There's also the "something for nothing" approach where the desire to own more than you paid for is so strong it stops becoming financially sensible and instead becomes some kind of endless quest for the holy grail. I say endless because the goal posts are constantly moving. This week's hot overclock is next week's old news, and always will be. Dogs have similar problems when they go chasing their tails.

I some respects we need to blame hardware manufacturers for this strange mentality. For years we've been brainwashed into thinking that framerate was king and that nothing else matters. But let's not forget that this was an era where 30fps was more of a goal than a guarantee, and in this situation a few extra fps really was a valuable asset. I seriously doubt that the few extra fps beyond the 80+ you're probably already achieving is as important today.

I think it must be an age related thing too. I kind of get the same smug feeling from knowing my hardware is performing perfectly well while staying well within its design tolerances as others seem to get from pushing theirs to the brink of instability.

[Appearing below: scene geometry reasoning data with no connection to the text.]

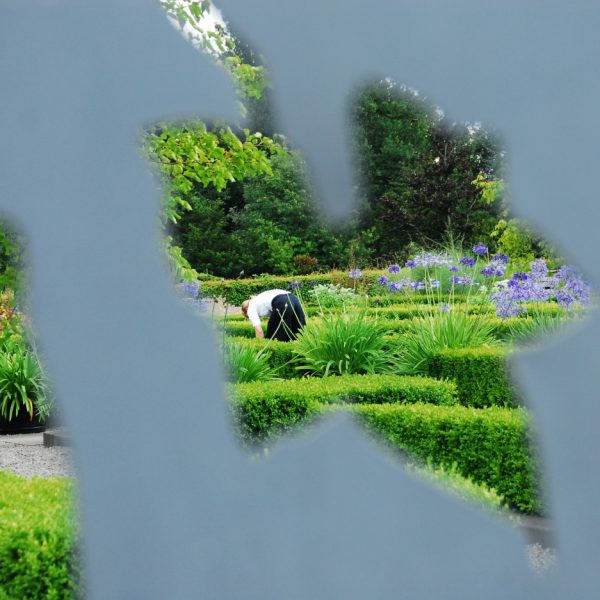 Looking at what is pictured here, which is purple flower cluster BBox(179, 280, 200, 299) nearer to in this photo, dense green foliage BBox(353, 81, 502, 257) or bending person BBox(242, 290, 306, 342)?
bending person BBox(242, 290, 306, 342)

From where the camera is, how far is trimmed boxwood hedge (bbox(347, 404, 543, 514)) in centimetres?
442

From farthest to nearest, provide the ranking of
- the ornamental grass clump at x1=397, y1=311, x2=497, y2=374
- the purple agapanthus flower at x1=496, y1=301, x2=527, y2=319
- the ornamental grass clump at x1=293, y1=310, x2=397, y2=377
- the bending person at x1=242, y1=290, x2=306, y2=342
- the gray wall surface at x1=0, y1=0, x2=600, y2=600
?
the purple agapanthus flower at x1=496, y1=301, x2=527, y2=319
the bending person at x1=242, y1=290, x2=306, y2=342
the ornamental grass clump at x1=397, y1=311, x2=497, y2=374
the ornamental grass clump at x1=293, y1=310, x2=397, y2=377
the gray wall surface at x1=0, y1=0, x2=600, y2=600

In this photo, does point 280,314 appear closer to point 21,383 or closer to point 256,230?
point 21,383

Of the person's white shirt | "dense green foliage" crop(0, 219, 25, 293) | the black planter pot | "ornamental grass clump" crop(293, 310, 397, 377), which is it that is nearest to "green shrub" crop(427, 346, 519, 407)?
"ornamental grass clump" crop(293, 310, 397, 377)

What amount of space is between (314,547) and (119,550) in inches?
17.9

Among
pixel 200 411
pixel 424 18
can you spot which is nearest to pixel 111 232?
pixel 200 411

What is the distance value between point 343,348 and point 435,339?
34.0 inches

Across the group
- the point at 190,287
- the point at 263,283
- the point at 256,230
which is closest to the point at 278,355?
the point at 190,287

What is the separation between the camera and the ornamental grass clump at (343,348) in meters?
6.77

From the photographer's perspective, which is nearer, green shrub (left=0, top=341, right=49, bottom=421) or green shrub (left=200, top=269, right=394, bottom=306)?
green shrub (left=0, top=341, right=49, bottom=421)

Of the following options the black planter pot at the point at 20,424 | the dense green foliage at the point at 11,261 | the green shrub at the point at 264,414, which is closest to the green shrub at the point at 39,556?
the dense green foliage at the point at 11,261

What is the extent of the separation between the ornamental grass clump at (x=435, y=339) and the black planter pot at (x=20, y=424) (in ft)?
11.9

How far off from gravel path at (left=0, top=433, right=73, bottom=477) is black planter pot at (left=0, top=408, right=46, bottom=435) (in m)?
0.12

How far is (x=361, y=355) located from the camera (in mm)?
6855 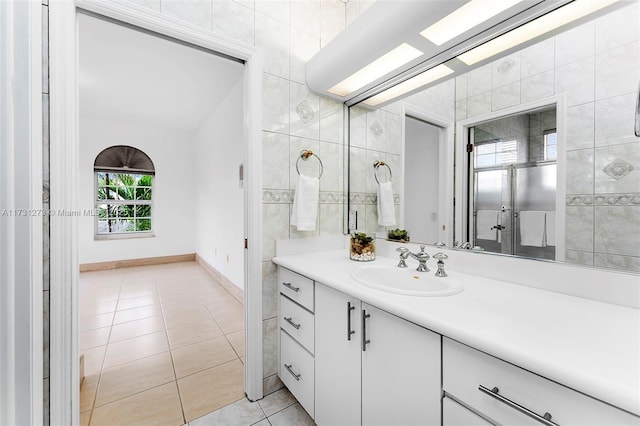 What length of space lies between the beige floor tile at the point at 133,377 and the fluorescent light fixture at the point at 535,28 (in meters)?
2.51

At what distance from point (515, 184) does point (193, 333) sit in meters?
2.57

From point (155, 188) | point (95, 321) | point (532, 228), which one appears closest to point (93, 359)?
point (95, 321)

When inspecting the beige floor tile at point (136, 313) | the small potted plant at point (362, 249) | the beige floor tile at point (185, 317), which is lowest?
the beige floor tile at point (185, 317)

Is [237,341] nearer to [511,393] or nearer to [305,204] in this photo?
[305,204]

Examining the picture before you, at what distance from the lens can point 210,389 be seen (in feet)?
5.35

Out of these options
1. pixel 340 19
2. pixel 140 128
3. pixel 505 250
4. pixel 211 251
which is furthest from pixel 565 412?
pixel 140 128

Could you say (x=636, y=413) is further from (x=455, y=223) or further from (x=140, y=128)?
(x=140, y=128)

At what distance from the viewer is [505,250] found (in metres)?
1.11

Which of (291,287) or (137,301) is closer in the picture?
(291,287)

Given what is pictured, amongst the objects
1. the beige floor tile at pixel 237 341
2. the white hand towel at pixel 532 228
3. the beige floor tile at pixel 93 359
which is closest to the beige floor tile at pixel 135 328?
the beige floor tile at pixel 93 359

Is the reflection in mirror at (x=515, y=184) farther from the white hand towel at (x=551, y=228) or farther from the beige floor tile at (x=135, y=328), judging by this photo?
the beige floor tile at (x=135, y=328)

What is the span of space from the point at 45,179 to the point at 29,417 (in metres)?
0.81

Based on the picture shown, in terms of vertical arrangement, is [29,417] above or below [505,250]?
below

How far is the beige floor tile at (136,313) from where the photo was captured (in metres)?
2.57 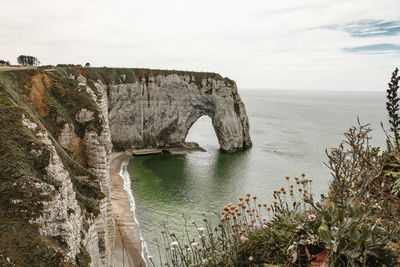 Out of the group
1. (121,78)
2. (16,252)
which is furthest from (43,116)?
(121,78)

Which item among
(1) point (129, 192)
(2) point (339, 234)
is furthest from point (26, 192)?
(1) point (129, 192)

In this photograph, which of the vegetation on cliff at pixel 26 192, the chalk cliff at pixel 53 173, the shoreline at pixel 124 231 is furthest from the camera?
the shoreline at pixel 124 231

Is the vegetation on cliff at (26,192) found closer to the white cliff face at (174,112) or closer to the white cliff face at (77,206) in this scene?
the white cliff face at (77,206)

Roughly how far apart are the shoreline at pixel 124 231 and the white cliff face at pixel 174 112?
23.2 metres

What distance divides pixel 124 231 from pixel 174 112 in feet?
152

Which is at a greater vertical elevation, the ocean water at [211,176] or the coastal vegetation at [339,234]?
the coastal vegetation at [339,234]

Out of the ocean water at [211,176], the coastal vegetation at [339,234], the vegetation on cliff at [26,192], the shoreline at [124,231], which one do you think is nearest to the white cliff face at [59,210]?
the vegetation on cliff at [26,192]

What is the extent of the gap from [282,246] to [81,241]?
39.7ft

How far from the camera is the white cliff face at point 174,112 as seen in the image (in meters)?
67.4

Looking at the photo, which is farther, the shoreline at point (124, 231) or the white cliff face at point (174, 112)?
the white cliff face at point (174, 112)

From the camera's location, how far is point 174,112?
7262cm

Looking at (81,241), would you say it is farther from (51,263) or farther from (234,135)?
(234,135)

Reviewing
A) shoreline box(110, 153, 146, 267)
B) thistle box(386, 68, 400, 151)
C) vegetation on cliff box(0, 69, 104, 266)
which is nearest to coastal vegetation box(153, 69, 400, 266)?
thistle box(386, 68, 400, 151)

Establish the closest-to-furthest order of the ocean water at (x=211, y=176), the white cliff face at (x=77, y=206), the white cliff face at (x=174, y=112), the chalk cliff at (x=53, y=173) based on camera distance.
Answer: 1. the chalk cliff at (x=53, y=173)
2. the white cliff face at (x=77, y=206)
3. the ocean water at (x=211, y=176)
4. the white cliff face at (x=174, y=112) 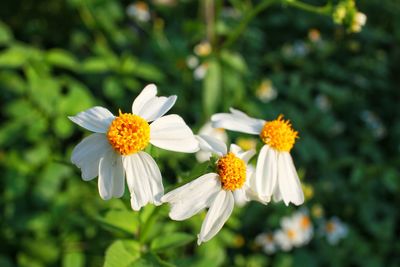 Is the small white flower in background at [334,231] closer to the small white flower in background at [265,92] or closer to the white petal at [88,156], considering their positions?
the small white flower in background at [265,92]

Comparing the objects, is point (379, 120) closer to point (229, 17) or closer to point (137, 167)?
point (229, 17)

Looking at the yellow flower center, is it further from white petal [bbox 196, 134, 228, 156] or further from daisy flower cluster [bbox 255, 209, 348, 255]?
daisy flower cluster [bbox 255, 209, 348, 255]

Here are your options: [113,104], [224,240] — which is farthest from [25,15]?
[224,240]

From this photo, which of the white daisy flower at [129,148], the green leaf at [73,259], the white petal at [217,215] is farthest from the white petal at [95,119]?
the green leaf at [73,259]

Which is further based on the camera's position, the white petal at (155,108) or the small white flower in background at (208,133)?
the small white flower in background at (208,133)

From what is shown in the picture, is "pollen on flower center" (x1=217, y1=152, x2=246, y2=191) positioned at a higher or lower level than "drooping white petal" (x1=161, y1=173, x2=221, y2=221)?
higher

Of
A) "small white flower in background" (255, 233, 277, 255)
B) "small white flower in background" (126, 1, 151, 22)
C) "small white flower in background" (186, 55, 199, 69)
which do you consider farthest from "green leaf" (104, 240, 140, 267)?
"small white flower in background" (126, 1, 151, 22)

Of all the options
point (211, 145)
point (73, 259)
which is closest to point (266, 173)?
point (211, 145)
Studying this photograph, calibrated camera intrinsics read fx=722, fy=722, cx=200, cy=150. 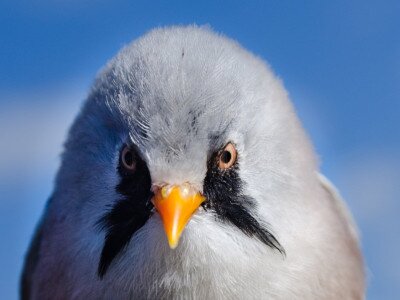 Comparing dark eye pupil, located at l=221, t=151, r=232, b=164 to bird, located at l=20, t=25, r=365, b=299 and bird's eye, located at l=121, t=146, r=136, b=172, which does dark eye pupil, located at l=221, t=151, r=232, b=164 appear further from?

I know my car can do 120MPH but I also know that if I drive at this speed everywhere I go the engine isn't going to last very long. I might do it once or twice in the time I own the car just so I know its limits, and for the fun of it, but not all day every day. And I'm the same with my overclocking, I enjoy the challenge of finding the limits but once I have I'm satisfied. I just don't care that some guy somewhere slaughtered my 3DMark score by breaking out the liquid Nitrogen because I'll probably get the same results as him after the next round of hardware releases but without the health risks.

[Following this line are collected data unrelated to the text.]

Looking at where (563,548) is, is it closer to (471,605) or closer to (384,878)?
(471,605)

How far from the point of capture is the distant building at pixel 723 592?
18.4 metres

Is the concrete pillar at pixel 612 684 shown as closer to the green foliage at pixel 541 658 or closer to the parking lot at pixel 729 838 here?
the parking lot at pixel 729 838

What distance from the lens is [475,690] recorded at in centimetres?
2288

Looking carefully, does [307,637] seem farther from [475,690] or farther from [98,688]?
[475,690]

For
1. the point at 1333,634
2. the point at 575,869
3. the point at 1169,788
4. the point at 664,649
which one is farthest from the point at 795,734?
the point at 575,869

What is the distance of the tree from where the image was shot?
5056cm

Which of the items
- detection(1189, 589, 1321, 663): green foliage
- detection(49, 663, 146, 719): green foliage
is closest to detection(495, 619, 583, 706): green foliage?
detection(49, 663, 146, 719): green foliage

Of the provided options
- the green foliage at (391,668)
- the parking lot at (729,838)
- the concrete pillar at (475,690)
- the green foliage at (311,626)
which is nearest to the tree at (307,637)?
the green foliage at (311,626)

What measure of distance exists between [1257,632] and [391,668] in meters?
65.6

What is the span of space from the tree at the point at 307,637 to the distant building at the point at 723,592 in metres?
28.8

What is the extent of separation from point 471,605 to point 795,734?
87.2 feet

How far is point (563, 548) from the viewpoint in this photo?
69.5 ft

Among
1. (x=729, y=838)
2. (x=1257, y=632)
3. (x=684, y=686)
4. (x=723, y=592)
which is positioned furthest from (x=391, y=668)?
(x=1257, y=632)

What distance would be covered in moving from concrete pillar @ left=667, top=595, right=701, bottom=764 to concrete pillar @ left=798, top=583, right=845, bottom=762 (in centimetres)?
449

Let me take my foot off the "old fart" pedal a little and say that I don't quite miss the point by as much as I've made it seem. I've been as guilt of "pointless" overclocking as most of you in the past, but that doesn't mean I really understand why. In moderation overclocking is fun, it's about strategy, skill and a lot of good luck. It appeals to those of us who think we're winners when the fruit machine pays out a $50 jackpot but try not to think about the fact that it cost us $100 to do it, and let's be honest, that's most of us.

As manufacturing techniques and yields improve for a given processor, memory chip or GPU/VPU, so we see performance improve too, and overclocking hardware based on a mature technology can often bring very worthwhile gains while doing no harm at all. When this is the case though you tend to know because the gains come quite easily. It's when people are prepared to buy vast amounts of specialist gear to squeeze out an extra few percent that I find it hard to see the reasoning. Oh sure it's a challenge, but so is swimming the channel with lead ankle weights on, and I don't see too many people queuing up to do that!